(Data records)
BEGIN

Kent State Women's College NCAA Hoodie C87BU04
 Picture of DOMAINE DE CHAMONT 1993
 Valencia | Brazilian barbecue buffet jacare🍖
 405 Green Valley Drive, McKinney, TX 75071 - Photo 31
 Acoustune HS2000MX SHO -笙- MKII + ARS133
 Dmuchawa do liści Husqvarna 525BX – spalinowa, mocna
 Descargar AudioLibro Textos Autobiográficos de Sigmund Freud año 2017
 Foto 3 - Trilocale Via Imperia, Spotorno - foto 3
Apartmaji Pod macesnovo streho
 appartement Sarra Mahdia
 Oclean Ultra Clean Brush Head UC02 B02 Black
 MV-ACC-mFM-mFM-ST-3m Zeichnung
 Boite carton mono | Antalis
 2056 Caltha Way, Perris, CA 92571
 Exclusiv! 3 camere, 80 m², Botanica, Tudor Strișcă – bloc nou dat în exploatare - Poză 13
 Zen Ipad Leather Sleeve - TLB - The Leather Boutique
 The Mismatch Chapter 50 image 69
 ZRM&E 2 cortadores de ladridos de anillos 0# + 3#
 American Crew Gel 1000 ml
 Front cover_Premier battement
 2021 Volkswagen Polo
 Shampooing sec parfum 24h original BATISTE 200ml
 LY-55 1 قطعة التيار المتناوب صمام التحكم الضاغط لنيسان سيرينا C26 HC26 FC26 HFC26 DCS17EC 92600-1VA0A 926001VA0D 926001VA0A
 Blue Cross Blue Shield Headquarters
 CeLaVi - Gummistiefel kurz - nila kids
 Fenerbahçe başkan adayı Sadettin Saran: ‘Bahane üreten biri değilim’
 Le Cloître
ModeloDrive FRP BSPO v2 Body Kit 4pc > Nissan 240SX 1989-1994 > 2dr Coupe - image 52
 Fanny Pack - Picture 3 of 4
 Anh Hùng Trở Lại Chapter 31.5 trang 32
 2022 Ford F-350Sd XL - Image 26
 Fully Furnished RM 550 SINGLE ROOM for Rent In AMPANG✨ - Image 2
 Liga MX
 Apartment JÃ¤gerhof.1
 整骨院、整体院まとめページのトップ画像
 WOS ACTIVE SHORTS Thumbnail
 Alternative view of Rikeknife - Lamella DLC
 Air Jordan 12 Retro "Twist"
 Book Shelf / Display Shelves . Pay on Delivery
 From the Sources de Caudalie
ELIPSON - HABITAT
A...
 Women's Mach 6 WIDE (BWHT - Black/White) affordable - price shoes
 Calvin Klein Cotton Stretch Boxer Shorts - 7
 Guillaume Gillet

END

Only lines with the word "Black" are wanted; pull each of them from the records.

 Oclean Ultra Clean Brush Head UC02 B02 Black
 Women's Mach 6 WIDE (BWHT - Black/White) affordable - price shoes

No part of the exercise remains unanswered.